I have a basic understanding of how the process works. My question is do I need to use all of the equity towards the down payment of the property, to avoid capital gains tax?
Or could you set some of the money aside to do some renovations to the property?
thanks,
Pat
Hi BP Family.
Regarding your 1031 exchange. As per the IRS code you must use all the funds on your next purchase, either scale up or like same value. If you purchase less than your equity in the 1031 exchange. You will pay the taxes on the balance. Known as your "booth". However, whoever is handling your 1030 exchange should be explaining the tax ramifications of the tax codes. Hope that help with your question.

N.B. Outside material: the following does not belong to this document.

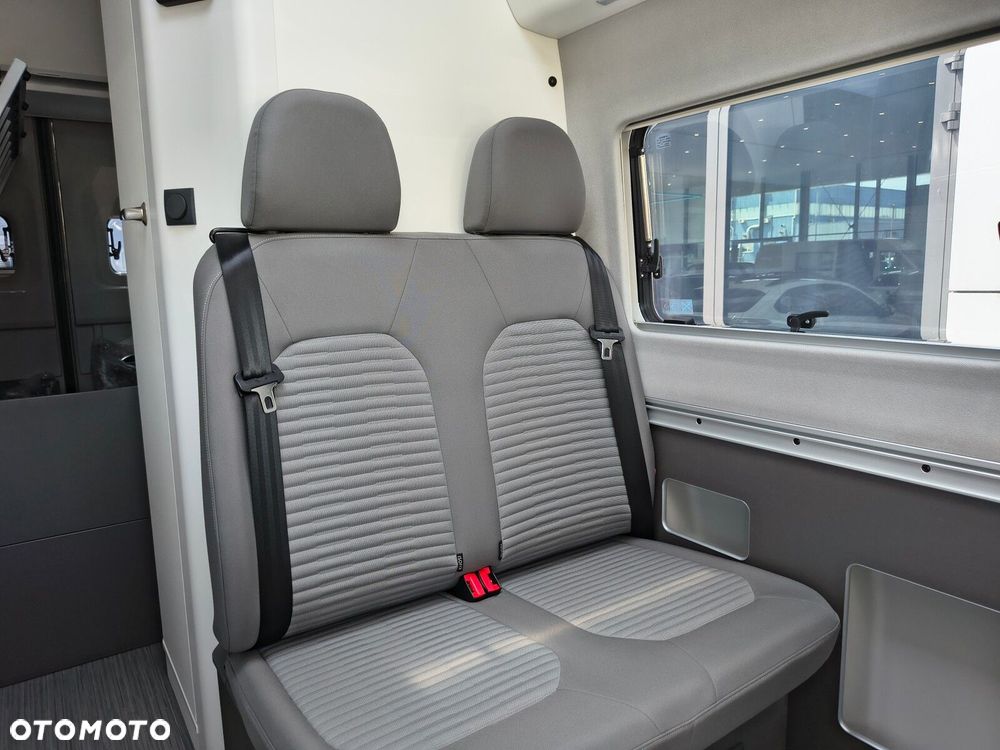 Volkswagen Crafter Grand California 600 silnik: 2,0 l TDI EU6 SCR BlueMotion Technology 130 kW skrzynia biegów: Przedni napęd automatyczna 8-biegowa rozstaw osi: 3640 mm - 31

@Dave Foster is our resident expert...
But yet, you need to buy something "as much as you sold" and "with at least as much of the cash proceeds" from your transaction. Its an over/up type transaction, if that makes sense. You can't buy down. If you take any cash out of the transactions, its call the "boot" on which you pay tax.
I'm not sure what you mean by "equity zone." I tend to admonish about automatically doing 1031 exchanges. In some cases, its cheaper not to. You just need to run all the numbers, and also take into account any Passive Activity Losses (PAL).
Make sure you use a Qualified Intermediary (QI) for the transaction. You or your attorney cannot touch the funds from the transaction.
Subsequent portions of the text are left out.